In organizational behavior studies, students learn about motivating team members through active listening. When leaders listen to suggestions and ideas, team members are motivated, engaged, and feel respected and valued. However, leaders who are dismissive of their subordinates’ recommendations set a toxic tone, alienating themselves from their team. Authentic leader Marshal Chuikov understood the importance of listening actively to his soldiers, and he frequently visited with them in their dugouts to gain intelligence and information. When he incorporated their ideas, he gave them due credit as well. These actions demonstrated Chuikov’s commitment to motivating the 62nd Army to hold on in a seemingly impossible situation. In Michael Jones’ book Stalingrad: How the Red Army Triumphed, Vasily Ivanovich’s ability to listen to his soldiers and willingness to implement their ideas proved to be a winning approach to withstanding German attacks and ultimately defeating them.

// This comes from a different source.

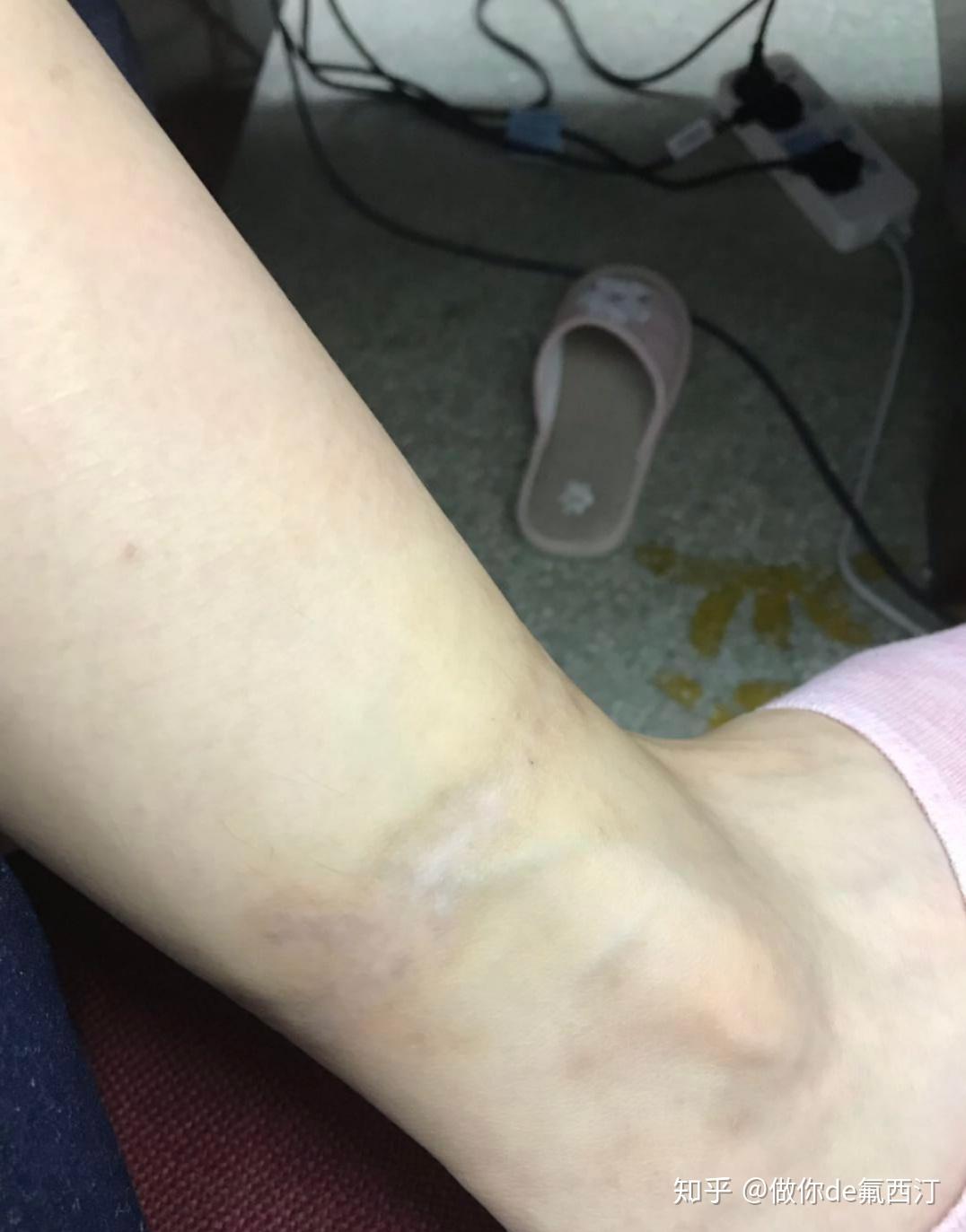 怎样洗纹身不留疤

Colonel-General Chuikov with the 8th Guards Army, Berlin, 1945
“Chuikov realized a fundamental truth—at a time of absolute crisis ‘every man is his own commander.’ Chuikov’s stroke of genius was to ‘hide’ his army’s weaknesses, the constant shortage of ammunition and vital supplies, its lack of formal training, by creating room for the life experience of the ordinary soldier. He listened to his men’s ideas and tried to incorporate them. By allowing his men an unusual degree of combat initiative, the great strength of his opponents, their well-honed, methodical and disciplined approach, began to turn into a weakness, an over-regimented and inflexible way of fighting. When Chuikov generated a spirit of inventiveness in his army—encouraging a different way of fighting—it shook the enemy. German soldiers began to complain of ‘hooliganism,’ the ‘gangster methods’ employed by Red Army troops. They didn’t like being jolted out of their routine and were unsettled—not knowing what to expect next” (179).